Moscow bucks trend of slower prime price growth

A year ago we announced the start of 'the Great Moderation' in prime residential markets. Twelve months on the slowdown has gathered pace.
Written By:
Kate Everett-Allen, Knight Frank
1 minute to read

The change in prime prices for all 45 cities averaged 1.1% in the year to Q3 2019, down from 3.4% in 2018 and 4.2% in 2017.

Despite a longer-than-expected period of loose monetary policy and steady wealth creation, luxury sales volumes are at their weakest for several years in many first tier global cities.
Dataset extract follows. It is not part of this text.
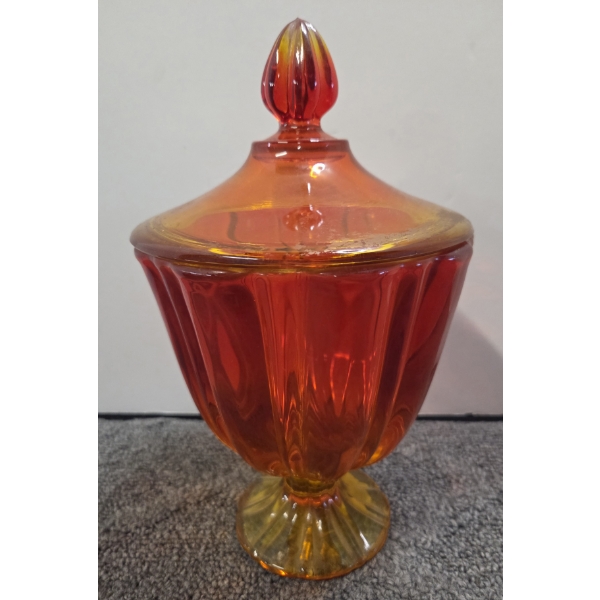Stunning Vintage Amberina 11''x5'' Candy Dish With Lid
Slower global economic growth – the IMF lowered its 2019 forecast from 3.3% to 3.0% in October – along with escalating headwinds: US/China trade relations, Hong Kong’s political tensions, a US presidential election in 2020 and the Brexit conundrum are influencing buyer sentiment.

Key findings, Q3 2019

  • 76% of cities registered static or rising prices over the 12 months to September 2019
  • Moscow leads the index this quarter with prime prices rising by 11% over the 12 months to September 2019
  • As we forecast last year, the Eurozone’s key cities of Berlin (6.5%), Madrid (4.2%) and Paris (4.2%) have performed strongly in 2019 with Frankfurt and the Swiss cities of Geneva and Zurich also high in the rankings.
  • Seoul was the weakest-performing city in the year to September due in part to tighter regulations including a price cap on new homes which is due to come into effect in Q4 2019.